Stored items
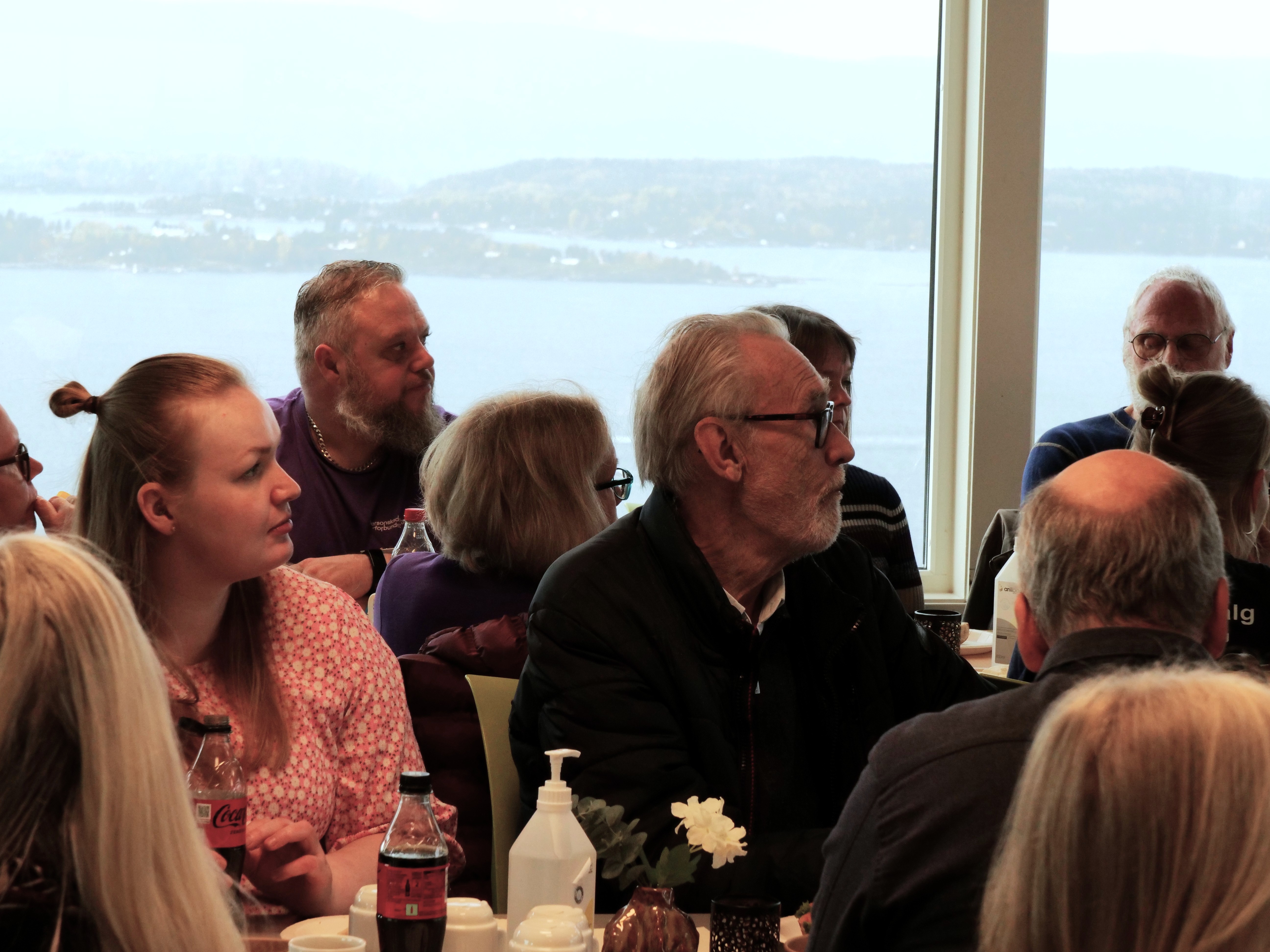 Gruppebilde av noen av deltakerne på dialogmøte om brukerorganisasjonene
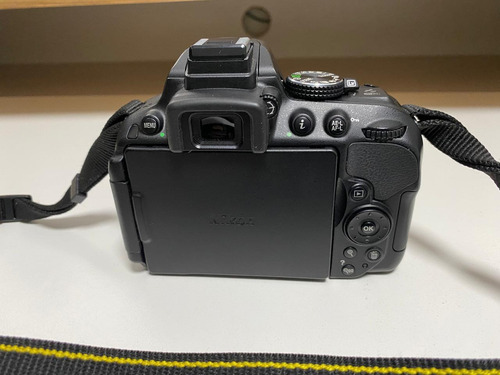 Nikon Kit D5300 + 18-55mm + Mochila Original + Accesorios Negro (Usado)
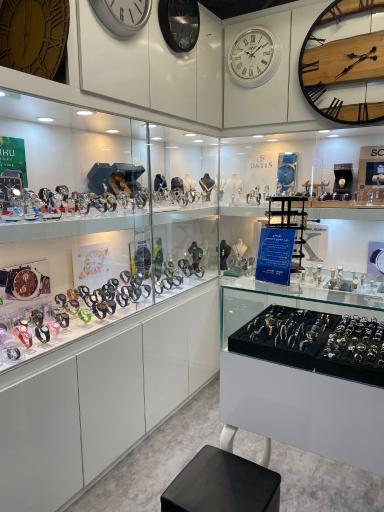 عکس ساعت فروشی و تعمیرات آترین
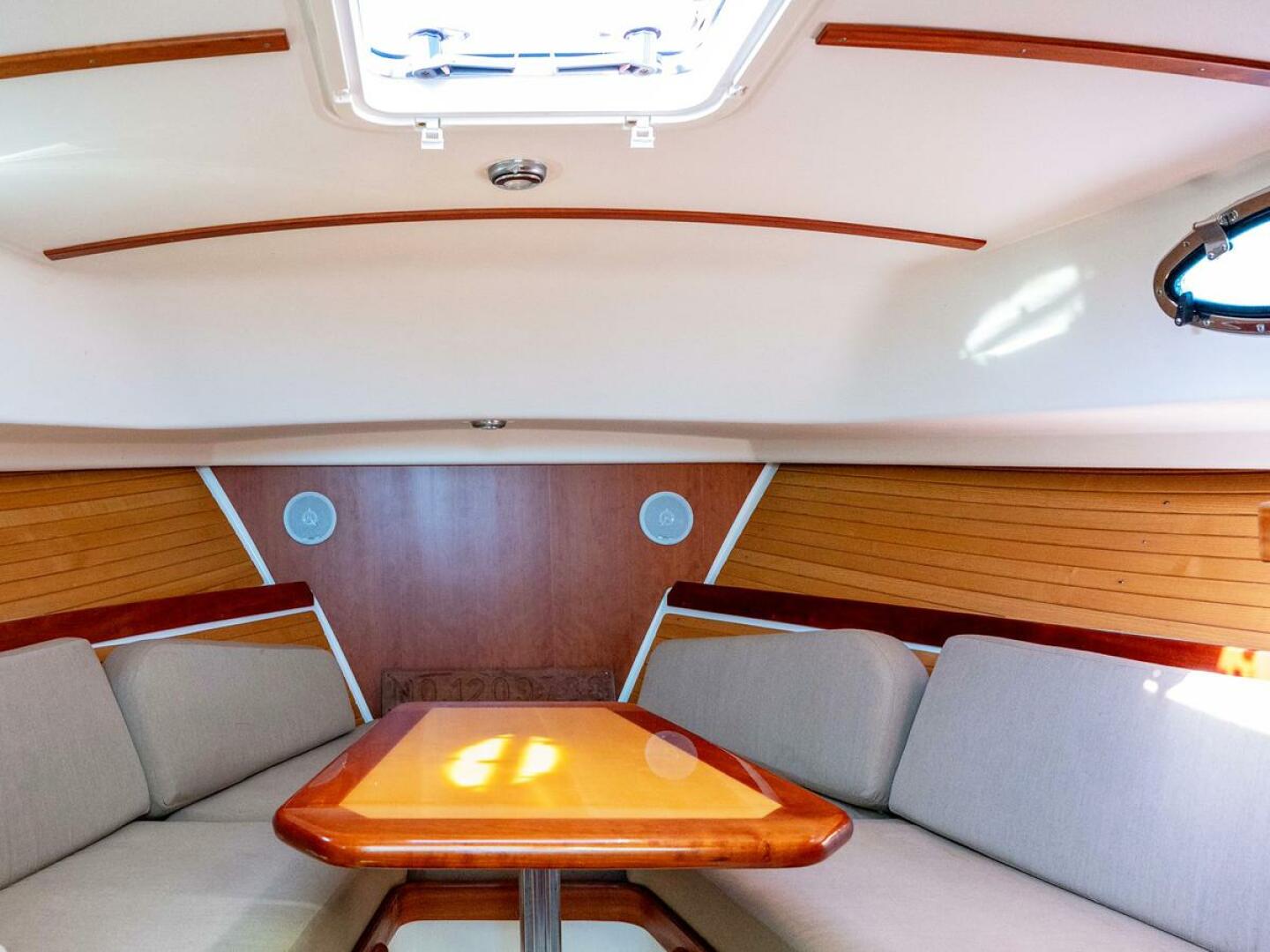 ARCHIMEDES 29ft Back Cove Yacht For Sale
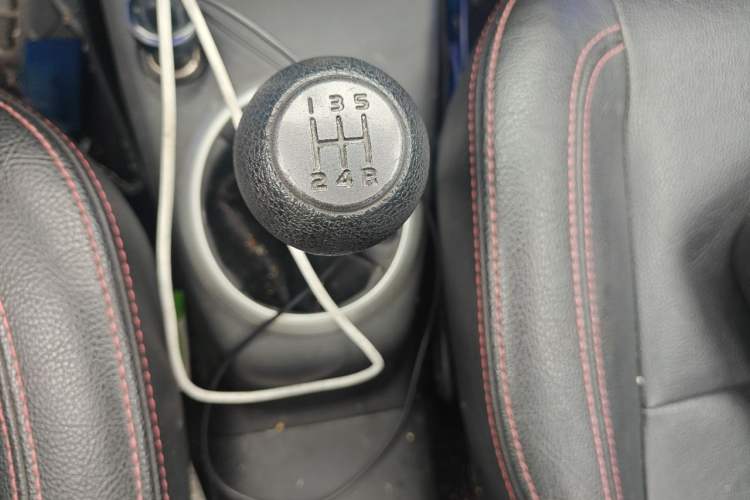 Used Suzuki Swift 2015 1.5L Manual Limited Edition Gear Lever
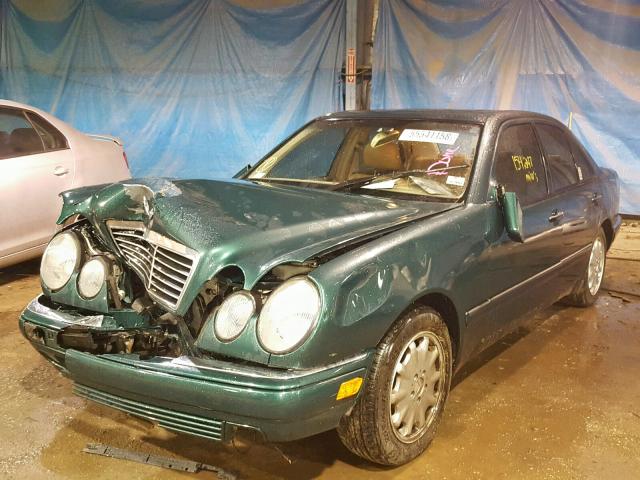 WDBJF65H5XA802311 - 1999 MERCEDES-BENZ E 320 GREEN photo 2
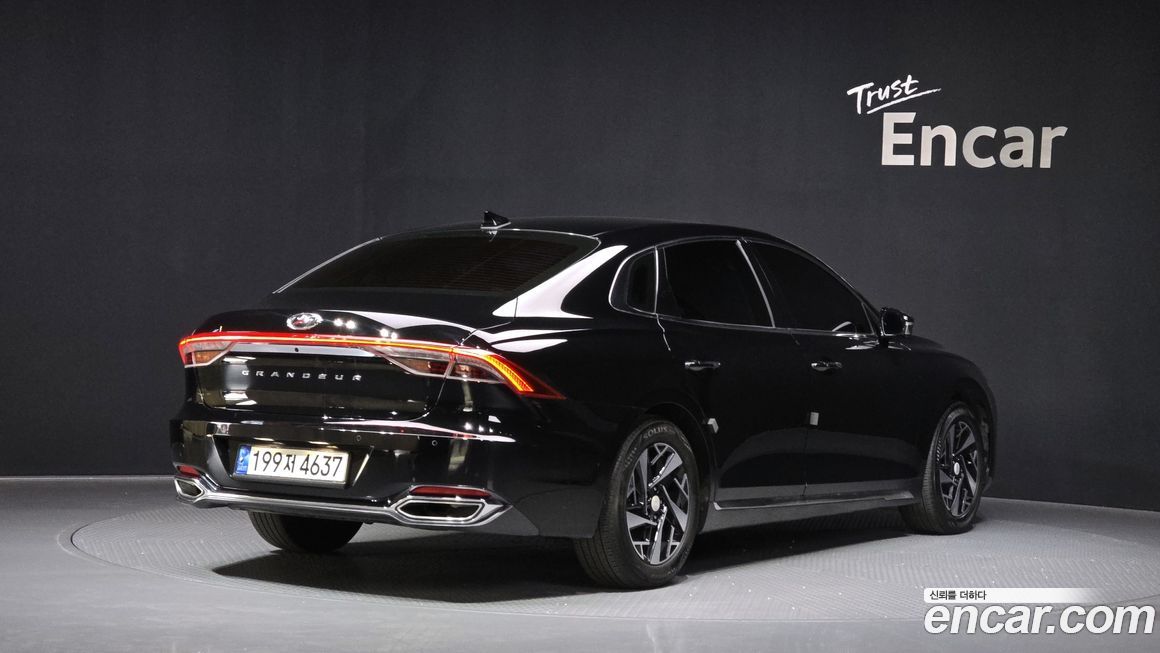 Hyundai Grandeur 2022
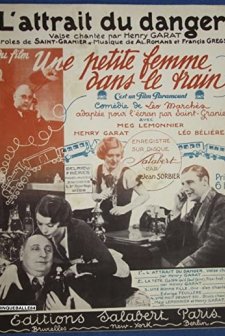 Une Petite Femme Dans Le Train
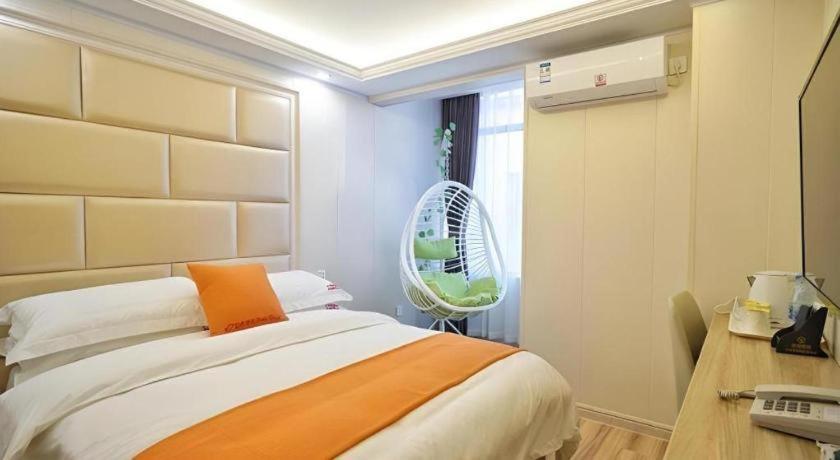 Shell Baoshan District Songbin Road Subway Station Hotel 2*
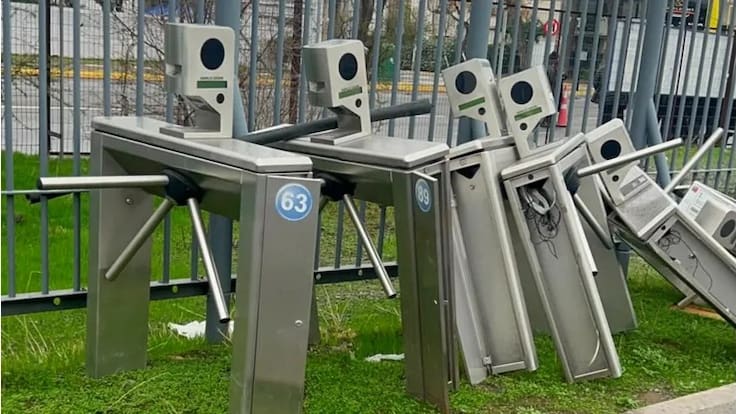 Parque Estadio Nacional se defiende tras denuncia por torniquetes tirados y vandalizados: esta fue la explicación
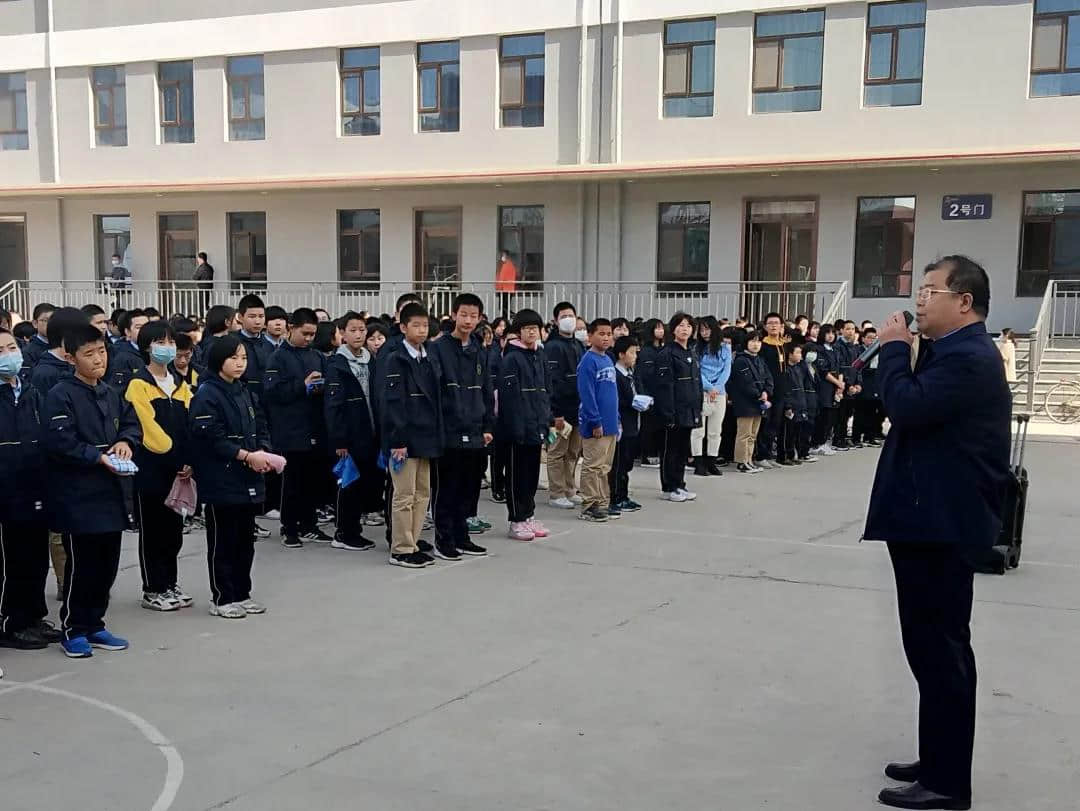 消防演練鳴警鐘，安全防線不放松 --中學(xué)部舉行消防應(yīng)急演練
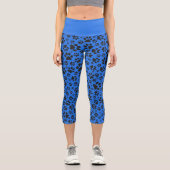 Dog Paws Black & White Polka Dot auf Tech Blue Capri Leggings (Vorderseite)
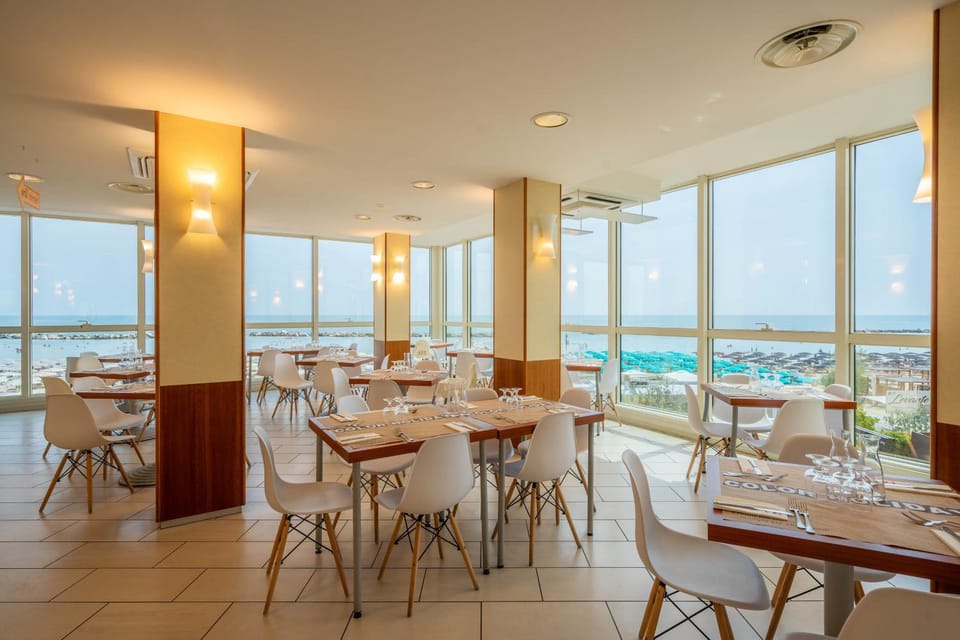 Restaurant/places to eat, Restaurant/places to eat
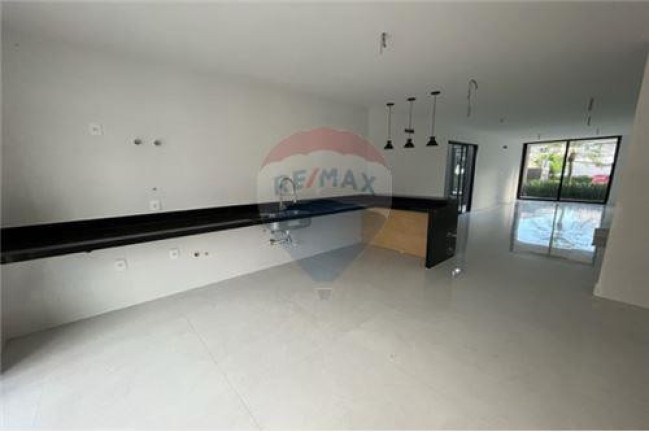 Imagem Casa de Condomínio com 5 Quartos à Venda, 350 m² em Barra Da Tijuca - Rio De Janeiro Imagem Casa de Condomínio com 5 Quartos à Venda, 350 m² em Barra Da Tijuca - Rio De Janeiro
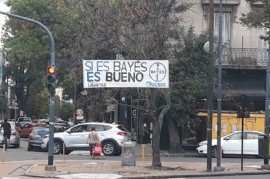 Con juego de palabras y logo de reconocido laboratorio, un candidato busca instalarse en La Plata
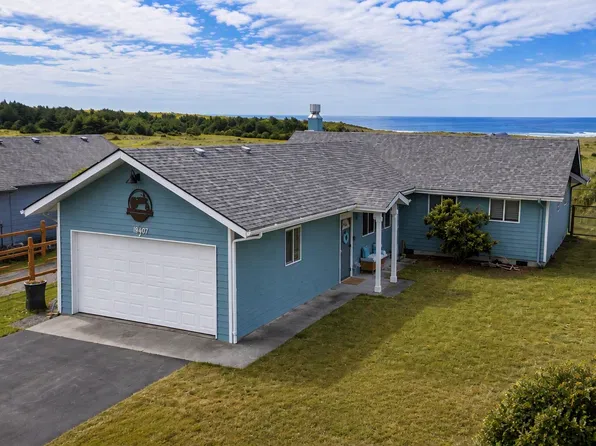 19407 K Place, Long Beach, WA 98631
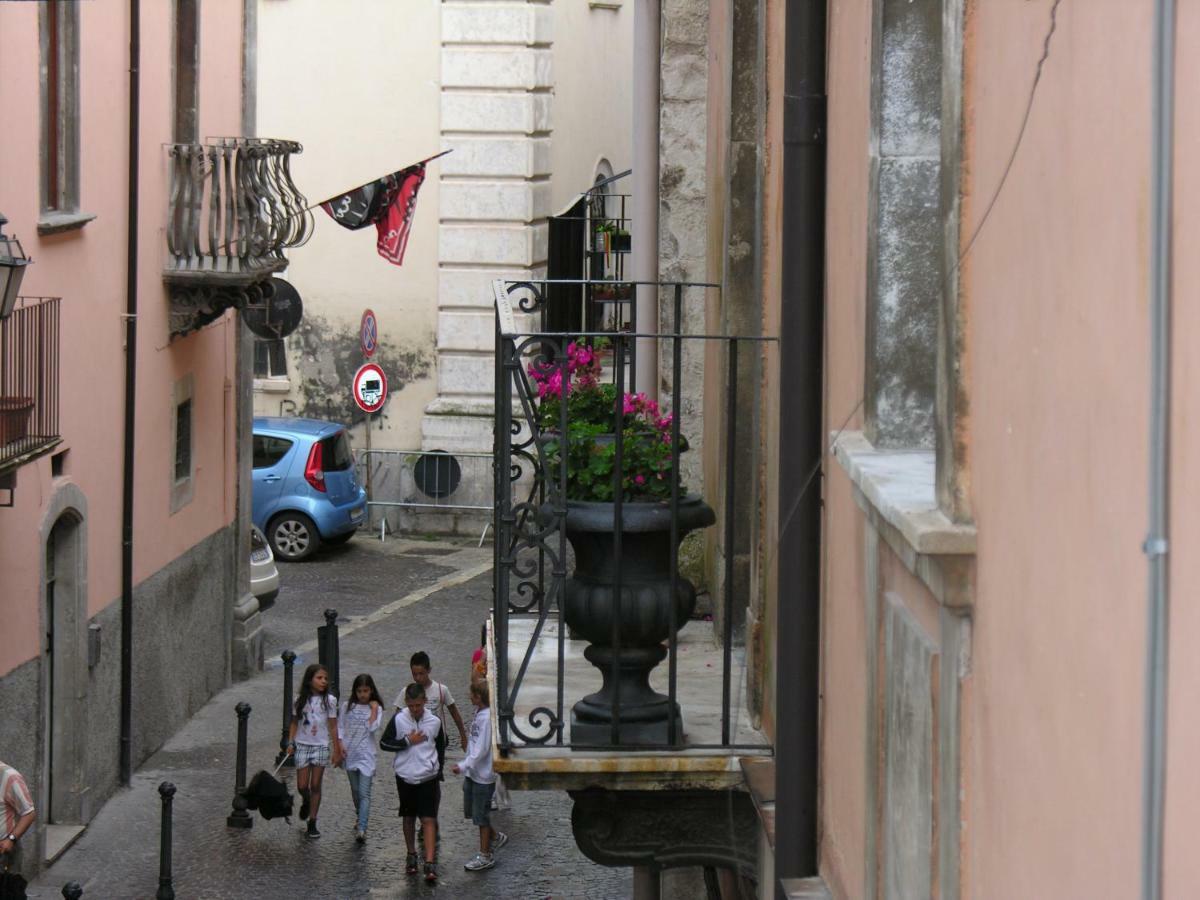 Palazzo Salini - Appartamento Familiare Sulmona Habitación foto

◆ Exercise aim ◆
Please transcribe, word for word, every line from the first line of the records above through the line containing "De Janeiro Imagem", and leave out any pictures.

◆ The completed task ◆
 Gruppebilde av noen av deltakerne på dialogmøte om brukerorganisasjonene
 Nikon Kit D5300 + 18-55mm + Mochila Original + Accesorios Negro (Usado)
 عکس ساعت فروشی و تعمیرات آترین
 ARCHIMEDES 29ft Back Cove Yacht For Sale
 Used Suzuki Swift 2015 1.5L Manual Limited Edition Gear Lever
 WDBJF65H5XA802311 - 1999 MERCEDES-BENZ E 320 GREEN photo 2
 Hyundai Grandeur 2022
 Une Petite Femme Dans Le Train
 Shell Baoshan District Songbin Road Subway Station Hotel 2*
 Parque Estadio Nacional se defiende tras denuncia por torniquetes tirados y vandalizados: esta fue la explicación
 消防演練鳴警鐘，安全防線不放松 --中學(xué)部舉行消防應(yīng)急演練
 Dog Paws Black & White Polka Dot auf Tech Blue Capri Leggings (Vorderseite)
 Restaurant/places to eat, Restaurant/places to eat
 Imagem Casa de Condomínio com 5 Quartos à Venda, 350 m² em Barra Da Tijuca - Rio De Janeiro Imagem Casa de Condomínio com 5 Quartos à Venda, 350 m² em Barra Da Tijuca - Rio De Janeiro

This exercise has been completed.